Print the whole listing exactly as it appears, but skip the pictures.

=== Section Start ===

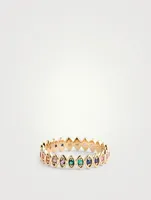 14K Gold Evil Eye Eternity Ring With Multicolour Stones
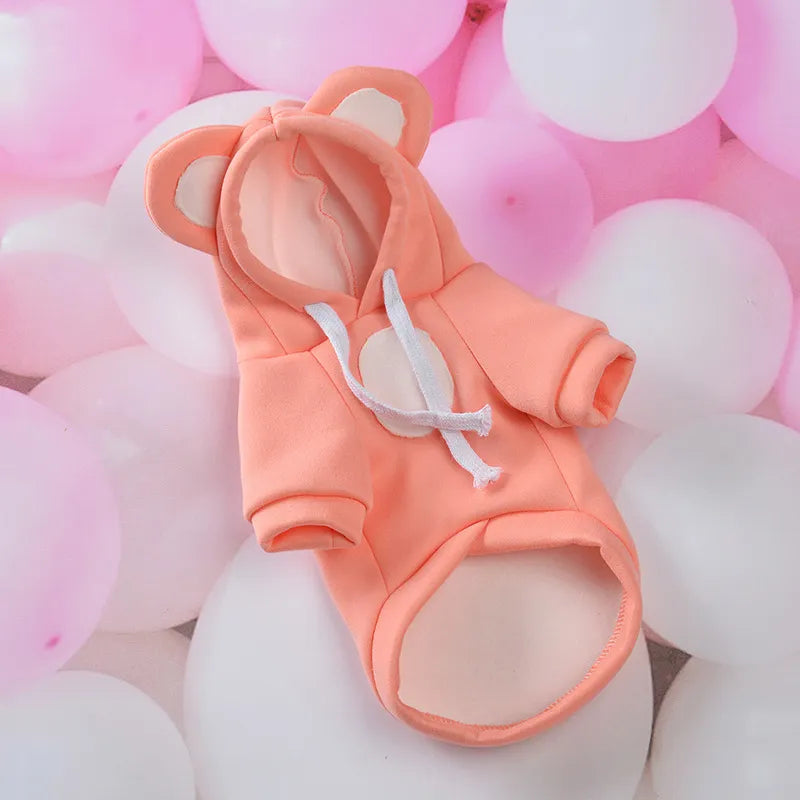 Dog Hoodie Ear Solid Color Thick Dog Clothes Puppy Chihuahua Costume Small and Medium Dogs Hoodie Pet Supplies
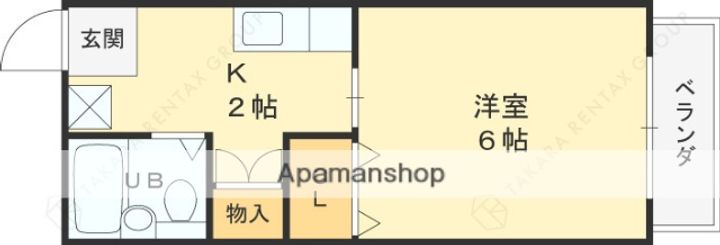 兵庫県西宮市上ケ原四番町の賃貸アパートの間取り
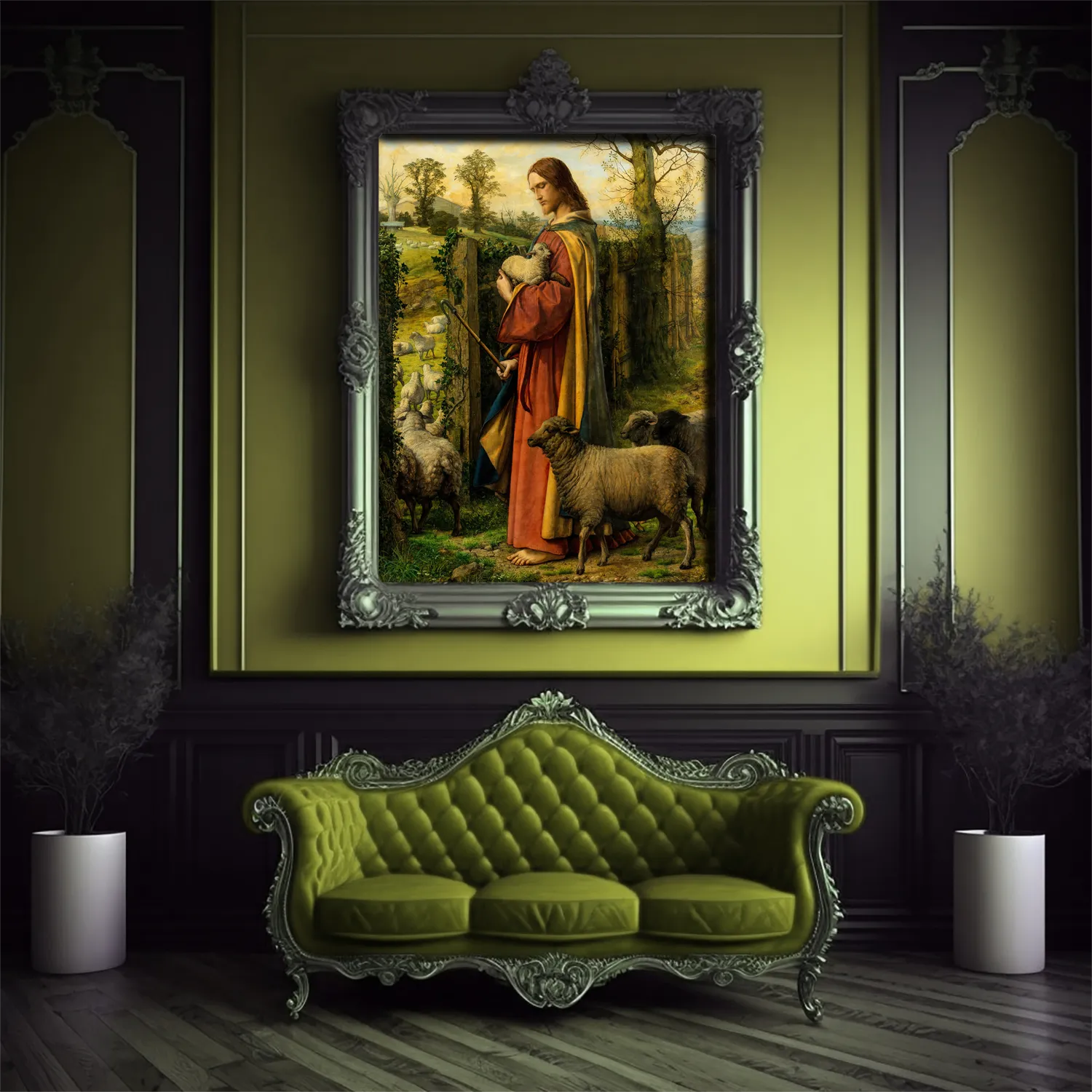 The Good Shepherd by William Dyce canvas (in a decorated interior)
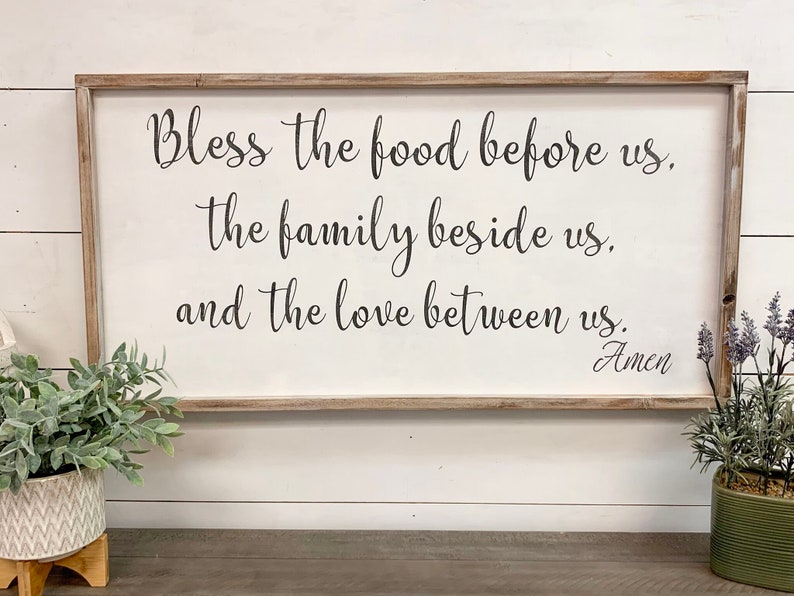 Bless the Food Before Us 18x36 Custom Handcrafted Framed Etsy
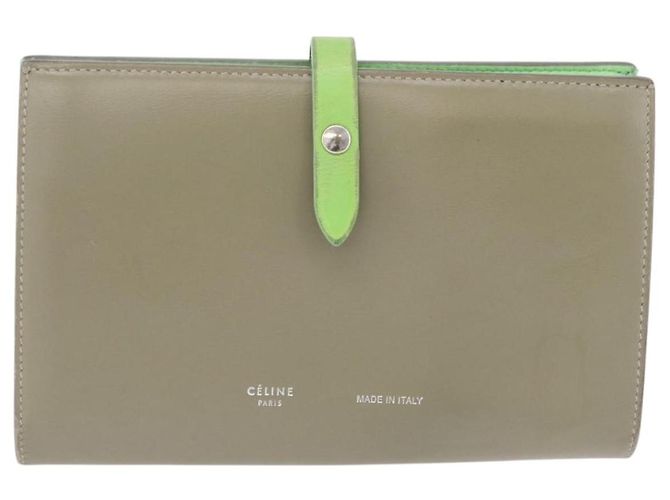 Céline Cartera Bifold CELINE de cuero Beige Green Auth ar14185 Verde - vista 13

=== Section End ===

SOLUTION TO THE PROBLEM>
 14K Gold Evil Eye Eternity Ring With Multicolour Stones
 Dog Hoodie Ear Solid Color Thick Dog Clothes Puppy Chihuahua Costume Small and Medium Dogs Hoodie Pet Supplies
 兵庫県西宮市上ケ原四番町の賃貸アパートの間取り
 The Good Shepherd by William Dyce canvas (in a decorated interior)
 Bless the Food Before Us 18x36 Custom Handcrafted Framed Etsy
 Céline Cartera Bifold CELINE de cuero Beige Green Auth ar14185 Verde - vista 13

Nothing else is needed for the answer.